In a speech at the All India Traders Convention on 27 February 2014 ahead of the general election, Bharatiya Janata Party’s prime ministerial candidate Narendra Modi surprised everybody by not playing to the gallery.
“I don’t know whether I will gain politically or not by saying this,” Modi told an audience full of traders, his party’s core vote bank. “Whether you like it or not, we need not be afraid of the global challenges in the business world. We should convert this to opportunity. We should not think that ‘if online trade comes, we will be finished’. You should demand (of) the government how to increase your capability to meet this new global challenge rather than telling the government, ‘shut down online trade’. How will you stop it? We have to accept the modern science and technology. We should not plan to flee, but to fight,” Modi said.
Four years later, after extensively liberalizing retail trade, except allowing foreign direct investment (FDI) in multi-brand retail—which was a 2014 manifesto pledge—Modi is showing signs of nervousness. Poll reverses in recent state assembly elections and a resurgent opposition seem to have forced Modi to cosy up to his original voter base, the traders.
On 26 December, a day after Christmas, while festive sales peaked, the department of industrial policy and promotion (DIPP)—the nodal agency for formulating FDI policy—surprised everybody with fresh regulations that could throw a spanner in India’s thriving e-commerce marketplaces.

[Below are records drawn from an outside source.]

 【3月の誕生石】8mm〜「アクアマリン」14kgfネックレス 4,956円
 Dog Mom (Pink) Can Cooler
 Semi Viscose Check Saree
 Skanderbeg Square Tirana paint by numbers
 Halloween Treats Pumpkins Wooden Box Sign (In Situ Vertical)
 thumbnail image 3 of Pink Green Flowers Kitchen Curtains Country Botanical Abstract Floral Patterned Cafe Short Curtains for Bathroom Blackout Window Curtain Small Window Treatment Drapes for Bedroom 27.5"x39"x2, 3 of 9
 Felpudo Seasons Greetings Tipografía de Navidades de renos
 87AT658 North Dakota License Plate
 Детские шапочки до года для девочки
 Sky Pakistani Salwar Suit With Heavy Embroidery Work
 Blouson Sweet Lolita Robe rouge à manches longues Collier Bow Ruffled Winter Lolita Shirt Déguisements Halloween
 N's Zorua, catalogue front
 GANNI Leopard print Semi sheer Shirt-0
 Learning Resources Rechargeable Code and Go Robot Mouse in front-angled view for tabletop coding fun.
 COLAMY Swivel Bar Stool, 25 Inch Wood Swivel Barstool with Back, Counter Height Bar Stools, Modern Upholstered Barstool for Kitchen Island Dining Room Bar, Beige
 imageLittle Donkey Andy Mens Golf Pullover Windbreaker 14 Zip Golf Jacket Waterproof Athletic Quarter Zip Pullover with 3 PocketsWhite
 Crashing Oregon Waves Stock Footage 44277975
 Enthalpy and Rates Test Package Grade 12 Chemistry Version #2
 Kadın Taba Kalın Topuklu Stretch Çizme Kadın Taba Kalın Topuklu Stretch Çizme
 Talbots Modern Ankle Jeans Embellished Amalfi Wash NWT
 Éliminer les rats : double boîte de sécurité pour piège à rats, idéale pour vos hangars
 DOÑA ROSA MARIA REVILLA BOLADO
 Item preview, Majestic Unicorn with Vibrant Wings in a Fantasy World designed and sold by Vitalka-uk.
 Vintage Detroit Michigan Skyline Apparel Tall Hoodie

The Modi government allowed 100% FDI under the e-commerce marketplace model but prohibited FDI in inventory based e-commerce. In the first, e-commerce companies act as platforms for vendors to sell their products and in the second, they can sell their own products.
The changes, which will take effect on 1 February, are five-fold: First, marketplace entities cannot buy more than 25% from a single vendor; second, marketplaces will not directly or indirectly give discounts on products; thirdly, entities in which there is equity participation by the marketplace entity cannot sell their products on the platform run by the marketplace; fourthly, e-commerce marketplace entity will not mandate any seller to sell any product exclusively on its platform only; and fifthly, marketplaces will have to submit a compliance report to the Reserve Bank of India (RBI) by 30 September every year.
While the first and second criteria were mandated even earlier, the DIPP always looked the other way when they were violated. The latest changes in the policy are widely believed to be a political move ahead of the general election due in April-May to assuage the trading community which has been hit by demonetization and the implementation of the goods and services tax.
Traders were also miffed with the Modi government’s e-commerce policy, as online trading platforms were harming their businesses by providing deep discounts.
India’s $18-billion e-commerce industry initially thrived in a policy vacuum, aggressively funded by venture capital firms. To legitimize the existing businesses of e-commerce companies operating in India, the government in March 2016 through press note 3 (of 2016 series) allowed 100% FDI in online retail of goods and services under the so-called ‘marketplace model’ through the automatic route and notified new regulations. DIPP through its 26 December notification has now added new stringent regulations to the ones existing in press note 3 of 2016.
While the fresh regulations could spoil plans for greater synergy between Flipkart and its new owner Walmart which operates in the cash-and-carry retail space where 100% FDI is permitted like in e-commerce marketplace entities, it also bars Amazon from selling products from subsidiaries like Cloudtail and Appario where it has significant investments. Cloudtail is a joint venture between Amazon and N.R. Narayana Murthy’s Catamaran Ventures.
The move to ban exclusive deals for products also hurts top online retailers such as Flipkart and Amazon. Flipkart, for instance, has exclusive partnerships with top smartphone brands such as Xiaomi and Oppo. Smartphones make up over 50% of e-commerce sales in India.
A DIPP official speaking under condition of anonymity insisted that press note 3 of 2016 only issues a clarification. “We have not formulated any new policy. We have not even gone to the cabinet for a new policy,” he said. The department is formulating an e-commerce policy, a draft version of which is expected to be released soon, after a similar draft policy by the commerce department was rejected by e-commerce players.
When asked about the motive behind the clarifications, the DIPP official said: “Marketplace should be a pure marketplace. We hope these steps will ensure establishing a pure marketplace and influencing price will be more difficult,” he added.
An official of an e-commerce company speaking under condition of anonymity said the new regulations are draconian and a bigger retrospective move than even the Vodafone tax issue. “It will not only impact e-commerce sector but also FDI inflow in other sectors because regulations can change overnight. The ecosystem is seeking more time for implementation. Under the current political scenario, we don’t expect a review of the regulations immediately. We will have to wait till the election season is over,” the official added.